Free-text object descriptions
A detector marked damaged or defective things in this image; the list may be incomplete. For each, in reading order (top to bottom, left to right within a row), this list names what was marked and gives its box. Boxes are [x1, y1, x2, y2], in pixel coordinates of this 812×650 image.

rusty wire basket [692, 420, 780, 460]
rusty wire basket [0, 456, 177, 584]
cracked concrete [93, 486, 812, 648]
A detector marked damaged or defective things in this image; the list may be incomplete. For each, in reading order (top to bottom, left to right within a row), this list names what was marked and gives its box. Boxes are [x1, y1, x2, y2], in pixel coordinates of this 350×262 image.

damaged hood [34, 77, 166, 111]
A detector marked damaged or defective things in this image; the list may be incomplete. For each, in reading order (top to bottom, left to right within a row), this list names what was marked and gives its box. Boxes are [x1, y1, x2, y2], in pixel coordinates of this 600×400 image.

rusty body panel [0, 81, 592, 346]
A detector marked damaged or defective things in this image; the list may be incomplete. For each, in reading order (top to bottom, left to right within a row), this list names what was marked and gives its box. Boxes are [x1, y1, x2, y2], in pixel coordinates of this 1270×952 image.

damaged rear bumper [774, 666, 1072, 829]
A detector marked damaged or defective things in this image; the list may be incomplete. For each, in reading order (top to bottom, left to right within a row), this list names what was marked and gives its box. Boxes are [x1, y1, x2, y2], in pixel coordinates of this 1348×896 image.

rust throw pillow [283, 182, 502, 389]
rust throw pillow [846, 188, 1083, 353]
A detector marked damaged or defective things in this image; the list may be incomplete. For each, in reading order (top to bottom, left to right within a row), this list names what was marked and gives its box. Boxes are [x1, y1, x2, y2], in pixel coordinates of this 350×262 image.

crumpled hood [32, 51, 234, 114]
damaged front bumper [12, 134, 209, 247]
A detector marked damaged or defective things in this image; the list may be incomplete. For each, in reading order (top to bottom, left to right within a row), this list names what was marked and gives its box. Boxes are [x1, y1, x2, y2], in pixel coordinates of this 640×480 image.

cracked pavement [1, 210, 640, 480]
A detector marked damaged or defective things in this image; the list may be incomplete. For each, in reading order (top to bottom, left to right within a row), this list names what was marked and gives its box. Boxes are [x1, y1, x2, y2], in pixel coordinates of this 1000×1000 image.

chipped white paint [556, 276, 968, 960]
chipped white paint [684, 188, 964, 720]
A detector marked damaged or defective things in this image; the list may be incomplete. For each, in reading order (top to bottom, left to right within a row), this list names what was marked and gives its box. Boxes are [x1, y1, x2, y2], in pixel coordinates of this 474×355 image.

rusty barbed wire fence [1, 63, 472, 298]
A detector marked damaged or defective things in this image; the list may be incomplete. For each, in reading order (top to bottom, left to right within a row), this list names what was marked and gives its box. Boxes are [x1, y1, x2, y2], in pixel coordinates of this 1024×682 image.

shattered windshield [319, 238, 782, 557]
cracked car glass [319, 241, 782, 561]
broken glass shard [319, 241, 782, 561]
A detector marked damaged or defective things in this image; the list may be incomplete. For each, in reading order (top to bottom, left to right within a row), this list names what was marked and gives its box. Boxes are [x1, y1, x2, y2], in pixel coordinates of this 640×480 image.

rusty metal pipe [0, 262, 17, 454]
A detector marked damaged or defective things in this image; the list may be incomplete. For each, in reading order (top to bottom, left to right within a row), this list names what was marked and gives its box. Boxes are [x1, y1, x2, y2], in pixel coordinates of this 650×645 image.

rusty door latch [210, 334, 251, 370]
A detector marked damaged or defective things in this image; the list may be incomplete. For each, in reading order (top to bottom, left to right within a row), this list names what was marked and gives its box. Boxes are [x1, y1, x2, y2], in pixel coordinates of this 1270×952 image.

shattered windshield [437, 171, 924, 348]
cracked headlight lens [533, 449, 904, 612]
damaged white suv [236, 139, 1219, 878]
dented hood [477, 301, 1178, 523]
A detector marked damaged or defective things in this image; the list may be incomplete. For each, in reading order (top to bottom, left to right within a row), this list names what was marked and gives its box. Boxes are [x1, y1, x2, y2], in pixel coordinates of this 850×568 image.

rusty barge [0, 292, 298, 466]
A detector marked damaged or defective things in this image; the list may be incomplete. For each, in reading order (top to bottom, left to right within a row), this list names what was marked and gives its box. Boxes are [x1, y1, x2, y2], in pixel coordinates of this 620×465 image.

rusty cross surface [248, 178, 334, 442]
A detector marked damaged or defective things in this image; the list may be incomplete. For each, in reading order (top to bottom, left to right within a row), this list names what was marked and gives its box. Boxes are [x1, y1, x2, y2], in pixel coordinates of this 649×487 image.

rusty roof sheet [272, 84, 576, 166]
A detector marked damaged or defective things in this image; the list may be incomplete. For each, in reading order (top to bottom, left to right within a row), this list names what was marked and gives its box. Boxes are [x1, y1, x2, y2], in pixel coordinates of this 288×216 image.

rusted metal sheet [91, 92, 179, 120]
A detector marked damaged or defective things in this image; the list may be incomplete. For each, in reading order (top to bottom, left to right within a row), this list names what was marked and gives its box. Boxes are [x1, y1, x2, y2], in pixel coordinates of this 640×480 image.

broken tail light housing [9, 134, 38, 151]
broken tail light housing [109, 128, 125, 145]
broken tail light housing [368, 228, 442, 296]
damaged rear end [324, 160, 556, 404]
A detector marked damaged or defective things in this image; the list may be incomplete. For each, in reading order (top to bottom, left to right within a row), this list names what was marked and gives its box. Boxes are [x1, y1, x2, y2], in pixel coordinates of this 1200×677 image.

◆ **What is required**:
Retype all the data verbatim.

◆ **Answer box**:
A detector marked damaged or defective things in this image; the list may be incomplete. For each, in reading order (top to bottom, left to right within a row), this list names what was marked and gives its box. Boxes are [x1, y1, x2, y2], in pixel coordinates of this 812×650 image.

rusty wire basket [692, 420, 780, 460]
rusty wire basket [0, 456, 177, 584]
cracked concrete [93, 486, 812, 648]
A detector marked damaged or defective things in this image; the list may be incomplete. For each, in reading order (top to bottom, left to right within a row), this list names what was marked and gives its box. Boxes are [x1, y1, x2, y2], in pixel coordinates of this 350×262 image.

damaged hood [34, 77, 166, 111]
A detector marked damaged or defective things in this image; the list may be incomplete. For each, in reading order (top to bottom, left to right within a row), this list names what was marked and gives its box. Boxes are [x1, y1, x2, y2], in pixel coordinates of this 600×400 image.

rusty body panel [0, 81, 592, 346]
A detector marked damaged or defective things in this image; the list may be incomplete. For each, in reading order (top to bottom, left to right within a row), this list names what was marked and gives its box. Boxes are [x1, y1, x2, y2], in pixel coordinates of this 1270×952 image.

damaged rear bumper [774, 666, 1072, 829]
A detector marked damaged or defective things in this image; the list may be incomplete. For each, in reading order (top to bottom, left to right within a row), this list names what was marked and gives its box. Boxes are [x1, y1, x2, y2], in pixel coordinates of this 1348×896 image.

rust throw pillow [283, 182, 502, 389]
rust throw pillow [846, 188, 1083, 353]
A detector marked damaged or defective things in this image; the list may be incomplete. For each, in reading order (top to bottom, left to right within a row), this list names what was marked and gives its box. Boxes are [x1, y1, x2, y2], in pixel coordinates of this 350×262 image.

crumpled hood [32, 51, 234, 114]
damaged front bumper [12, 134, 209, 247]
A detector marked damaged or defective things in this image; the list may be incomplete. For each, in reading order (top to bottom, left to right within a row), this list names what was marked and gives its box. Boxes are [x1, y1, x2, y2], in pixel coordinates of this 640×480 image.

cracked pavement [1, 210, 640, 480]
A detector marked damaged or defective things in this image; the list may be incomplete. For each, in reading order (top to bottom, left to right within a row), this list names what was marked and gives its box. Boxes are [x1, y1, x2, y2], in pixel coordinates of this 1000×1000 image.

chipped white paint [556, 276, 968, 960]
chipped white paint [684, 188, 964, 720]
A detector marked damaged or defective things in this image; the list may be incomplete. For each, in reading order (top to bottom, left to right within a row), this list names what was marked and gives its box. Boxes are [x1, y1, x2, y2], in pixel coordinates of this 474×355 image.

rusty barbed wire fence [1, 63, 472, 298]
A detector marked damaged or defective things in this image; the list may be incomplete. For each, in reading order (top to bottom, left to right within a row), this list names what was marked and gives its box. Boxes are [x1, y1, x2, y2], in pixel coordinates of this 1024×682 image.

shattered windshield [319, 238, 782, 557]
cracked car glass [319, 241, 782, 561]
broken glass shard [319, 241, 782, 561]
A detector marked damaged or defective things in this image; the list may be incomplete. For each, in reading order (top to bottom, left to right within a row), this list names what was marked and gives its box. Boxes are [x1, y1, x2, y2], in pixel coordinates of this 640×480 image.

rusty metal pipe [0, 262, 17, 454]
A detector marked damaged or defective things in this image; the list may be incomplete. For each, in reading order (top to bottom, left to right within a row), this list names what was marked and gives its box. Boxes are [x1, y1, x2, y2], in pixel coordinates of this 650×645 image.

rusty door latch [210, 334, 251, 370]
A detector marked damaged or defective things in this image; the list may be incomplete. For each, in reading order (top to bottom, left to right within a row), this list names what was marked and gives its box. Boxes are [x1, y1, x2, y2], in pixel coordinates of this 1270×952 image.

shattered windshield [437, 171, 924, 348]
cracked headlight lens [533, 449, 904, 612]
damaged white suv [236, 139, 1219, 878]
dented hood [477, 301, 1178, 523]
A detector marked damaged or defective things in this image; the list may be incomplete. For each, in reading order (top to bottom, left to right within a row), this list names what was marked and gives its box. Boxes are [x1, y1, x2, y2], in pixel coordinates of this 850×568 image.

rusty barge [0, 292, 298, 466]
A detector marked damaged or defective things in this image; the list may be incomplete. For each, in reading order (top to bottom, left to right within a row), this list names what was marked and gives its box. Boxes are [x1, y1, x2, y2], in pixel coordinates of this 620×465 image.

rusty cross surface [248, 178, 334, 442]
A detector marked damaged or defective things in this image; the list may be incomplete. For each, in reading order (top to bottom, left to right within a row), this list names what was marked and gives its box. Boxes are [x1, y1, x2, y2], in pixel coordinates of this 649×487 image.

rusty roof sheet [272, 84, 576, 166]
A detector marked damaged or defective things in this image; the list may be incomplete. For each, in reading order (top to bottom, left to right within a row), this list names what was marked and gives its box. Boxes are [x1, y1, x2, y2], in pixel coordinates of this 288×216 image.

rusted metal sheet [91, 92, 179, 120]
A detector marked damaged or defective things in this image; the list may be incomplete. For each, in reading order (top to bottom, left to right within a row), this list names what was marked and gives its box. Boxes are [x1, y1, x2, y2], in pixel coordinates of this 640×480 image.

broken tail light housing [9, 134, 38, 151]
broken tail light housing [109, 128, 125, 145]
broken tail light housing [368, 228, 442, 296]
damaged rear end [324, 160, 556, 404]
A detector marked damaged or defective things in this image; the list may be incomplete. For each, in reading order (top to bottom, left to right within a row), this list names what was marked and gives its box. Boxes are [x1, y1, x2, y2], in pixel coordinates of this 1200×677 image.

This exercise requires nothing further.